Eleven years in the planning, the new UAE Arbitration Law has finally been rolled out – but has it modernised the UAE’s arbitral framework?

In June 2018, Federal Law No 6 of 2018 on Arbitration (the New Law) came into force in the UAE. It repealed and replaced Articles 203 to 218 of Federal Law No 11 of 1992 (the Old Law).

The Old Law was perceived by some to be outdated and not reflective of best practices in commercial arbitration. Its provisions – only 16 in total – left considerable scope for recalcitrant debtors to delay proceedings and frustrate enforcement of awards, as evidenced by numerous successful nullification challenges to awards in recent years.

In contrast, the New Law is based on the UNCITRAL Model Law. It is comprehensive, comprising 61 articles, and seeks both to remedy these issues and to bring the UAE in line with international best practice.

The New Law applies to both current and future arbitrations. Highlights include:

  • the law will apply to local and international arbitrations (though treaty provisions may take precedence);
  • the principles of separability and competence will apply, allowing the tribunal to rule on its own jurisdiction;
  • electronic communications will satisfy the requirement for an arbitration clause to be in writing;
  • interim and partial awards will be enforceable;
  • awards will no longer need to be physically signed by the arbitral tribunal in the seat, potentially saving travel and administration costs.
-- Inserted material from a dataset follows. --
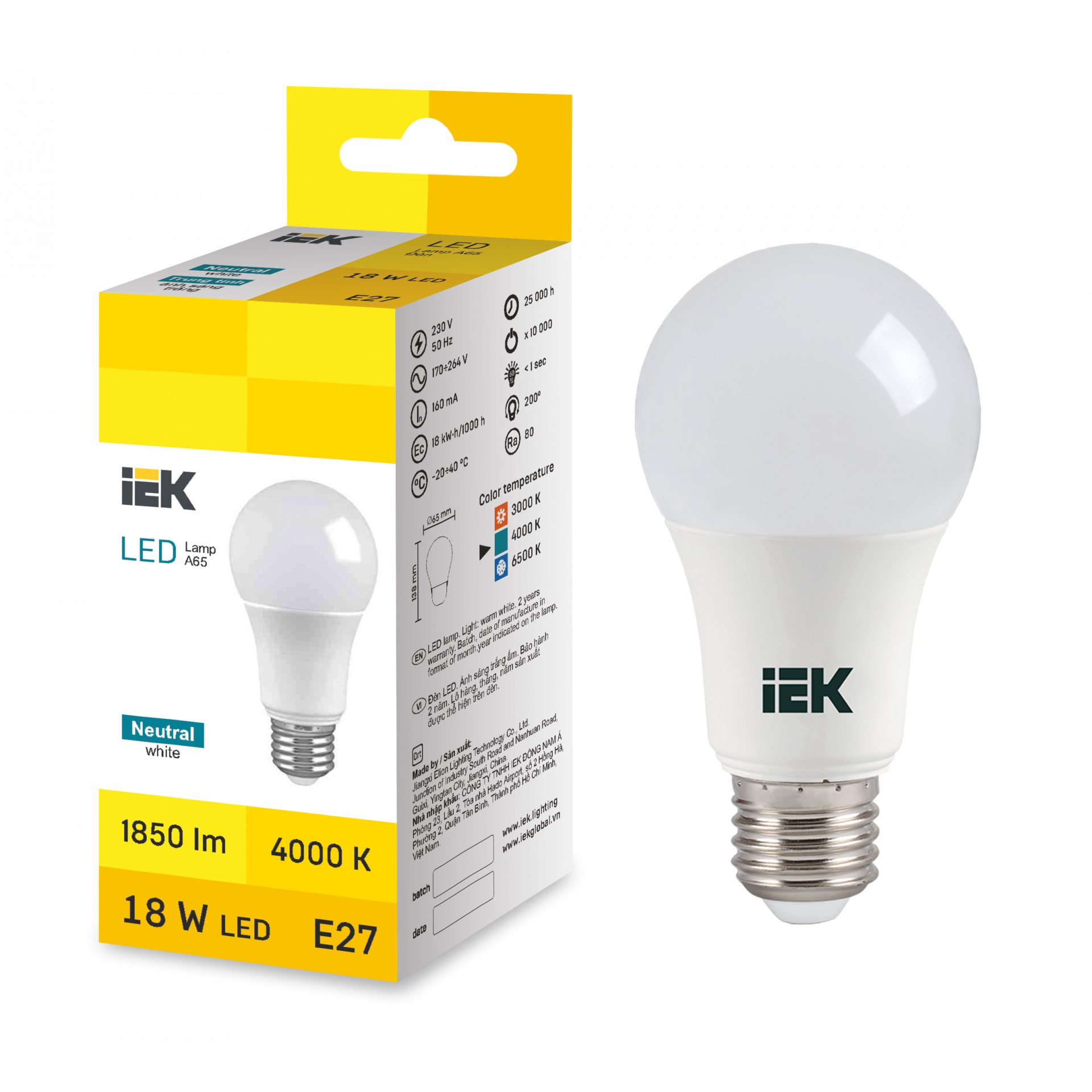 LED Bulb A65 18W 4000K E27 IEK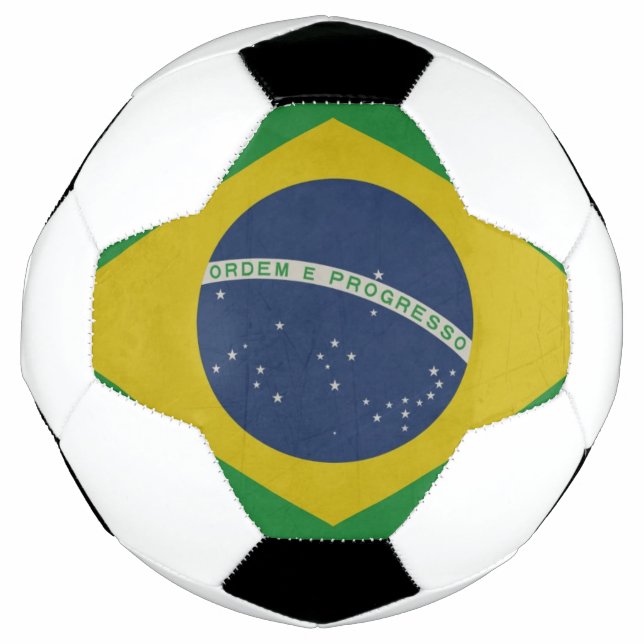Illustration of abstract grunge flag of Brazil Soccer Ball (Front)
Further, to reduce challenges to enforcement, applications for total or partial annulment must now be initiated within 30 days of the award being notified to the parties. Additionally, clarification has been given that an application for annulment will not automatically stay enforcement proceedings.

The New Law makes clear that both arbitral tribunals and courts have the power to order interim and conservatory measures in ongoing or potential arbitrations. It is not yet known how the tribunals and the courts will interact on this issue, as interim measures have not, traditionally, been available in the local courts. What is clear is that an application to court does not mean the parties have waived their right to arbitrate.

There are also limited restrictions on arbitrators’ qualifications, addressing previous uncertainty about the ability of non-UAE lawyers to sit on tribunals. At the same time, the UAE Ministry of Economy will co-ordinate with local arbitration institutions to develop a code of conduct for arbitrators.

The New Law is a welcome development, particularly in construction claims where arbitration remains the most popular method of dispute resolution. However, its true impact will ultimately be determined by the manner in which the UAE Courts interpret and apply its articles and address challenges to enforcement. It is nevertheless clear that the New Law represents a bold step to modernise the practice of arbitration in the UAE, with the ultimate goal of maintaining the UAE’s position as a regional hub of arbitration and making arbitrations more streamlined and cost-effective.